Снова грохнуло. Стреляли где-то недалеко, кажется, около соседнего Заозерья. Дарья прислушалась, но было опять тихо. Ноябрьский день короток, и в избу исподволь вползали сквозь низкие оконца легкие сумерки. На улице уже занимался синью приметенный к ее домишку мелкий снежок. Третий день, как белогвардейский отряд из-под Усть-Почи проследовал через Конецгорье в Высокую гору, торопясь занять деревню после ушедших вверх по Пинеге красных.
- Принесло опять собак, -подумала женщина. - Как приехали, так все время бухают и бухают. Что стреляют? Боятся за свою шкуру, вот и пугают людей. Да что им - загубят опять не одну невинную душу.
Мысли вернулись к прошлому, когда осенью и в начале зимы восемнадцатого года в здешних деревнях белые с англичанами зверьем ходили. Утопили в Пинеге под Высокой Петра Некрасова, забили до смерти Терентия Пищухина, а потом бревном придавили, будто сам не остерегся и под него попал, двух раненых красноармейцев штыками прикололи. Да что там - зверье, нету на них бога. Не пришлось бы самим потом плакать, выбьют вам волчьи-то зубы.
Подплывают в сутемках думы, одна за другой. Будто и сейчас слышит Дарья, как в декабре прошлого года, в лютый мороз, красные из Матверы по Высокой из пушек били, а белые с англичанами из Высокой, Заозерья, Конецгорья по красным из пулеметов, ружей палили. Бою-то было - страх! Забегали супостаты, матюкались, кричали: «Красные окружают! Лошадей запрягайте! Скорее! Скорее!» И кто как - дороги не хватало, так лесом да по Пинеге убегали. Хрисанф потом мужикам сказывал: до того напугались белые, что ящики с патронами и те не увезли. Вечером на собрании в Конецгорье красный командир Хрисанфа тоже хвалил: «Пищухин-то как ловко роту вывел в тыл врага. Дали контре жару. Драпанули до самой Почи - перст тридцать без остановки. Труфанову без боя сдали, постреляв с перепугу куда попало.
Судя по карте Хрисанф Пищухин провел 1 роту из деревни Матвера в тыл белым к деревне Конецгорье. Шли они лесами за озером Заозерское, на фото вид из деревни Конецгорье.
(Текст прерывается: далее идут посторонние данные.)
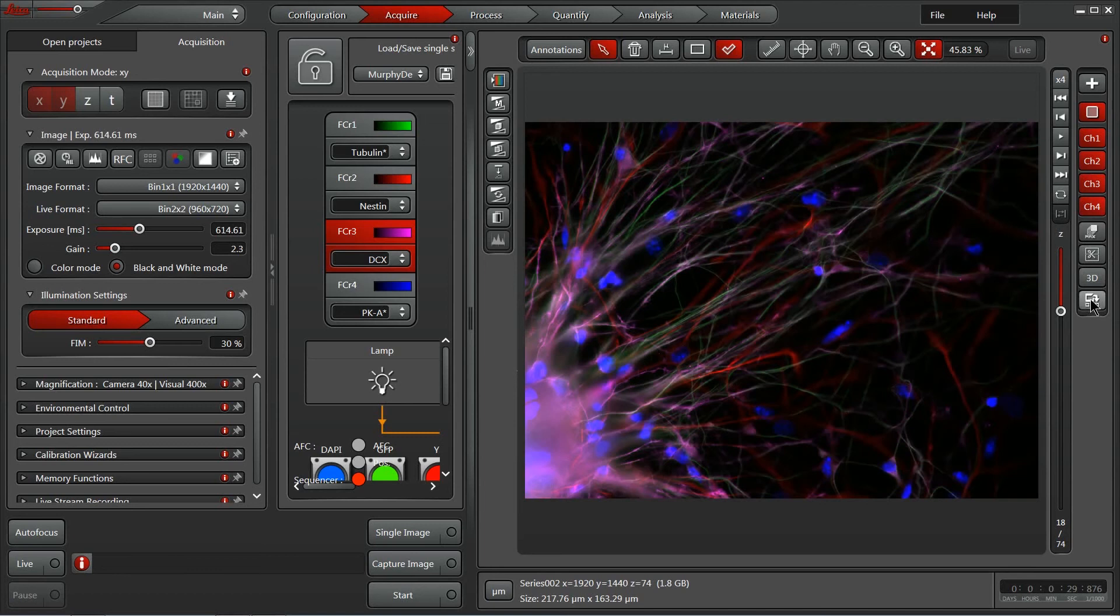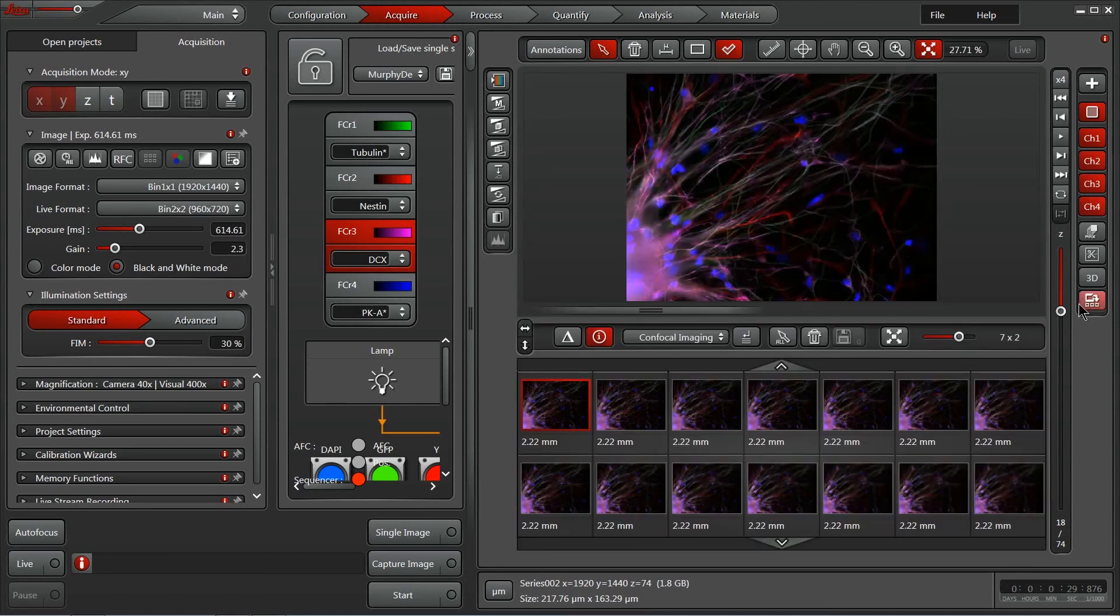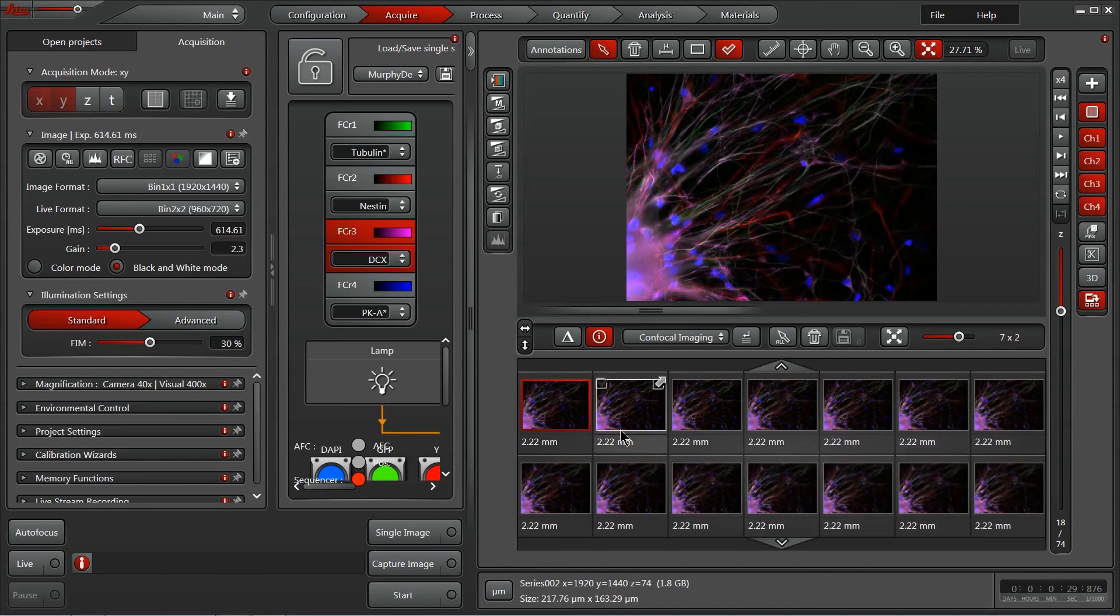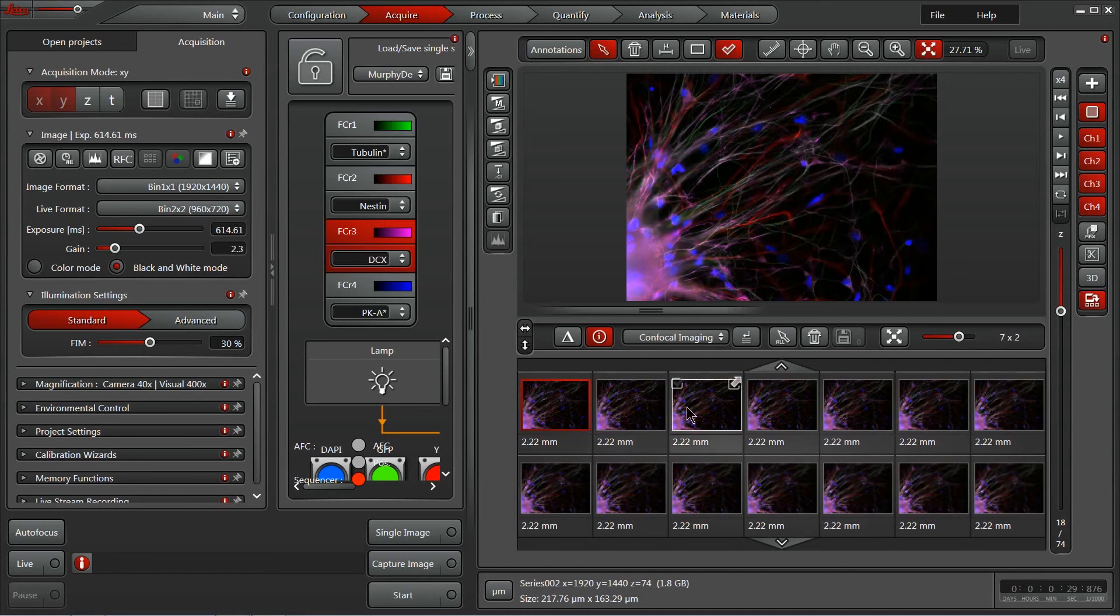And here at the bottom, we also have our multi-dimensional gallery, which is really nice if you've got large time lapses or big Z-Stacks where you can go through and pull subsets of that entire experiment out for analysis or demonstration.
- Где ты теперь Хрисанф? - подумалось с тревогой за сына. Нахлынули на Дарью воспоминания, повлекли, потащили ее полой водой то вглубь прошедшей нелегкой жизни, то к вчерашнему разговору у Денисовых, то к наступающему тревожному вечеру. О чем только одна не передумаешь.
Хрисанф в последние годы дома жил мало, а больше обретался в Марьиной горе с женой у своей тещи Сидорихи, бедной солдатской вдовы. Молодым, восемнадцати годов, женился. А что, думалось Дарье, оставалось ему делать? Рос сиротой. Яков, отец его умер рано. Парнишку одна на ноги поднимала, научен смала работать.
Проясняется, встает в прикрытых глазах усталой, тревожащейся женщины облик сына. То видится он ей маленьким несмышленышем, то бойким подростком крутится возле нее на своей полоске или в грибном лесу, а больше - уже нынешний невысокий, но крепкий, подвижный, острый на слово. Вон как сказывал мужикам: «Царя-то скинули - умерла щука, да зубы остались, колются. Придется с контрой повоевать, побороться, чтобы Советскую власть отстоять. Идите в Красную Армию, помогайте ей чем можете».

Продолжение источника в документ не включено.